This is very cool, but in optimising for per-container security, I worry that you’re leaving things like shared caches (eg, docker layers, yarn cache) on the floor, and seriously complicating the stack to boot.
That’s a very valid thing to be concerned about, and is definitely something I think a lot about. In terms of complexity, in a lot of ways I view this stack as simpler. It’s more modular, relies more on AWS primitives and stock ECS AMI’s, so it’s easier to fork and modify. Customization happens at a docker image level, which means folks can easily provide their own agent docker images vs having a custom packer setup. This stack will have less magic baked in, less bash and the lambdas are in golang so they can be tested better.
In terms of shared caches, I think there are a ton of ways to build these on top of strong per-container isolation, where as trying to build shared caches securely without that isolation is really hard. We will always prioritise fast, parallel builds, so will absolutely re-visit if we think that this stack makes that harder. The flip side is that this stack more cost-effectively lets you use bigger instance sizes and scales much more responsively, so I think there are some big performance wins in there too.
There’s some efficiency loss, but I wonder how the cost/complexity tradeoff will play out, especially if a weakness is found in the way you’re isolating containers.

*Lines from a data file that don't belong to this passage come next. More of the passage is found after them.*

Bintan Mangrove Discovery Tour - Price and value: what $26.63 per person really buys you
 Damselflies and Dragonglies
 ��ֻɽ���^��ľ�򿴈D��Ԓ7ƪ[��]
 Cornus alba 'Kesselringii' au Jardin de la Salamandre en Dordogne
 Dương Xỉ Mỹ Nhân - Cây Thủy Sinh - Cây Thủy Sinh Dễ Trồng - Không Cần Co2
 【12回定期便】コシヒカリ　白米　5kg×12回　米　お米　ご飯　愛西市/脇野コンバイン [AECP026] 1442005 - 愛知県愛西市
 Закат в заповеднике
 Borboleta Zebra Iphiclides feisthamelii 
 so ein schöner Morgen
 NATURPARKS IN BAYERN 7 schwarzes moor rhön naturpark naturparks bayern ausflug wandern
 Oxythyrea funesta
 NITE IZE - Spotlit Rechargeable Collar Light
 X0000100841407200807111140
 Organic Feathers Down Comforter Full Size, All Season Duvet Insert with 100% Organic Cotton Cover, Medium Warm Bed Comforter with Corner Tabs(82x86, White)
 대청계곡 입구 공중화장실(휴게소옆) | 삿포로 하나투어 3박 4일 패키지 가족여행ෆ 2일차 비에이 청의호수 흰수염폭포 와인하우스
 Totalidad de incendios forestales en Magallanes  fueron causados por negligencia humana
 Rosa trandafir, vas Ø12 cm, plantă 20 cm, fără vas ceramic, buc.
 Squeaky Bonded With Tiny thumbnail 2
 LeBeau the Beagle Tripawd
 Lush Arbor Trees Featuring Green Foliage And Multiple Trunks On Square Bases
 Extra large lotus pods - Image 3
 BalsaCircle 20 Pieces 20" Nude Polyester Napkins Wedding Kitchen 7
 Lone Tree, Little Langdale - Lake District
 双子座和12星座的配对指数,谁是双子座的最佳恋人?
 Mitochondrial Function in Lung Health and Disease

I see the isolation that ECS provides as defense-in-depth vs the primary defence mechanism. I still think isolating stacks and a variety of other security initiatives we have coming up around Buildkite-level isolation of queues/teams/pipelines will be key here.
In our case, though, 95% of the build jobs can run with the same set of non-elevated permissions, and are from trusted rather than public sources.
I assure you that this is a primary use case for us too and one we’ll be careful to keep solving for!